#### EXERCISE DIRECTIONS:
Return only the lines from the top of the data down to the one that holds "Nutrition Mixer in", both included, without any pictures.

#### DATA:

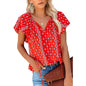 Women's Casual Boho Floral Printed V Neck Tops Drawstring Blouse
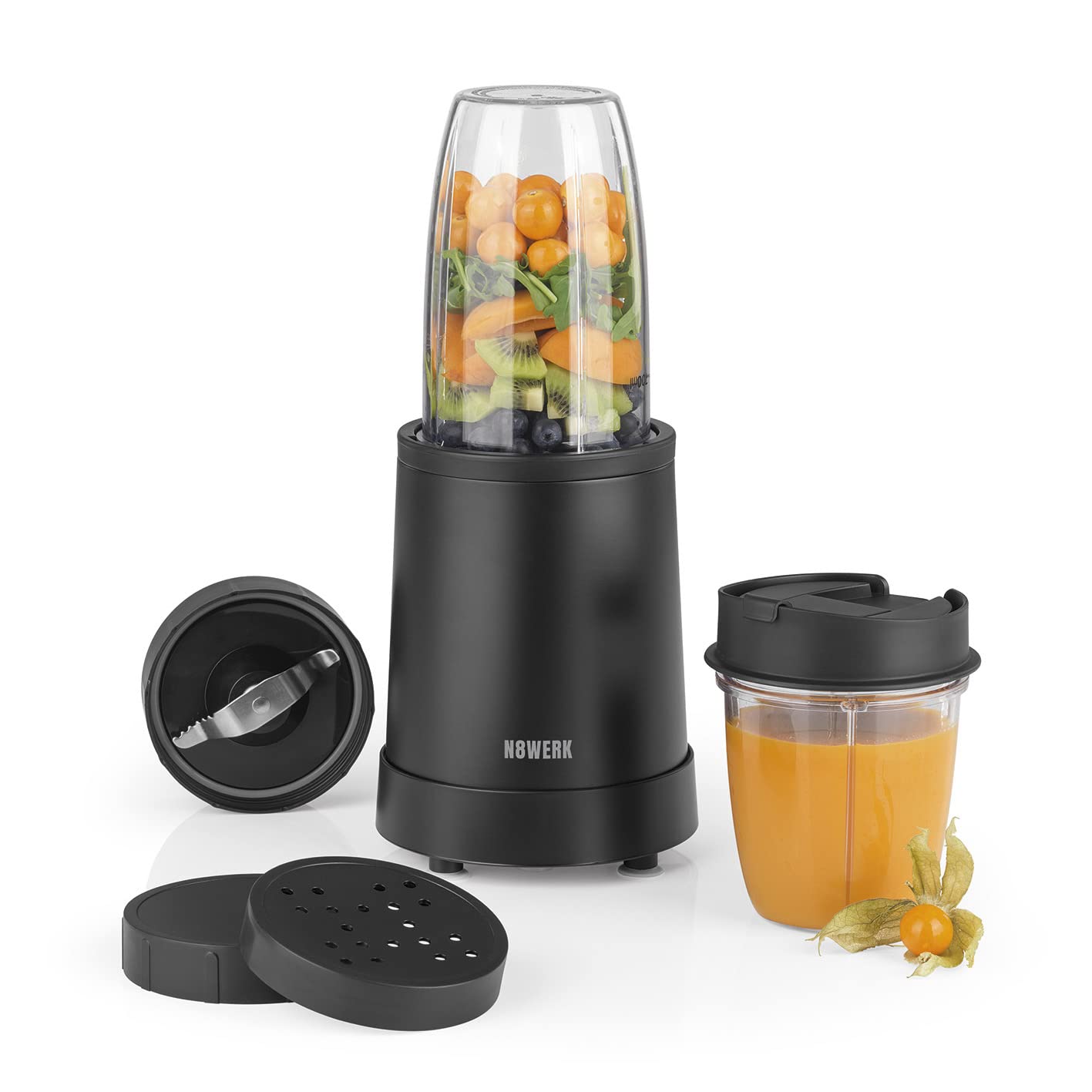 Nutrition Mixer in der Midnight Edition | Standmixer für Smoothies und Cocktails, Ice Crush Funktion, Edelstahlklingen | 700 ml und 350 ml Mixbehälter mit To-Go-Deckel, 800 Watt, Schwarz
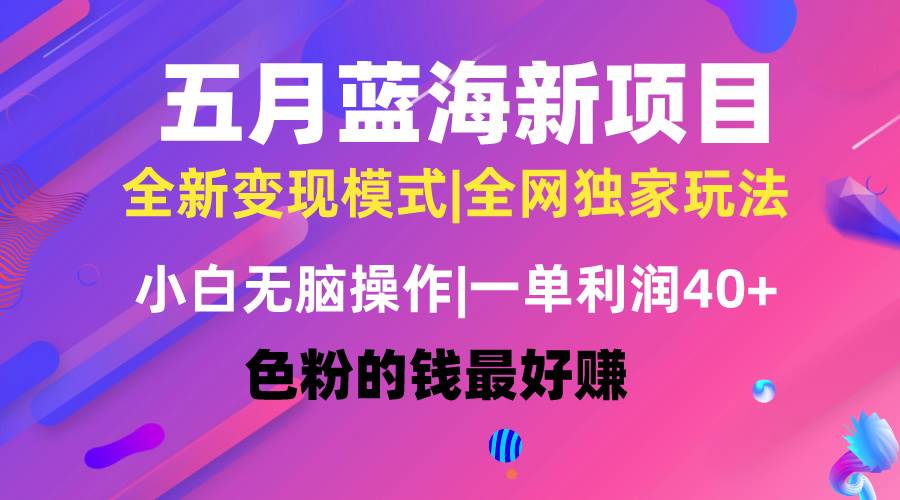 五月蓝海项目全新玩法，小白无脑操作，一天几分钟，矩阵操作，月入4万+安创网-网创项目资源站-副业项目-创业项目-搞钱项目安创网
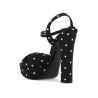 "keira polka dot satin platform sandals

#### RESPONSE AREA:
 Women's Casual Boho Floral Printed V Neck Tops Drawstring Blouse
 Nutrition Mixer in der Midnight Edition | Standmixer für Smoothies und Cocktails, Ice Crush Funktion, Edelstahlklingen | 700 ml und 350 ml Mixbehälter mit To-Go-Deckel, 800 Watt, Schwarz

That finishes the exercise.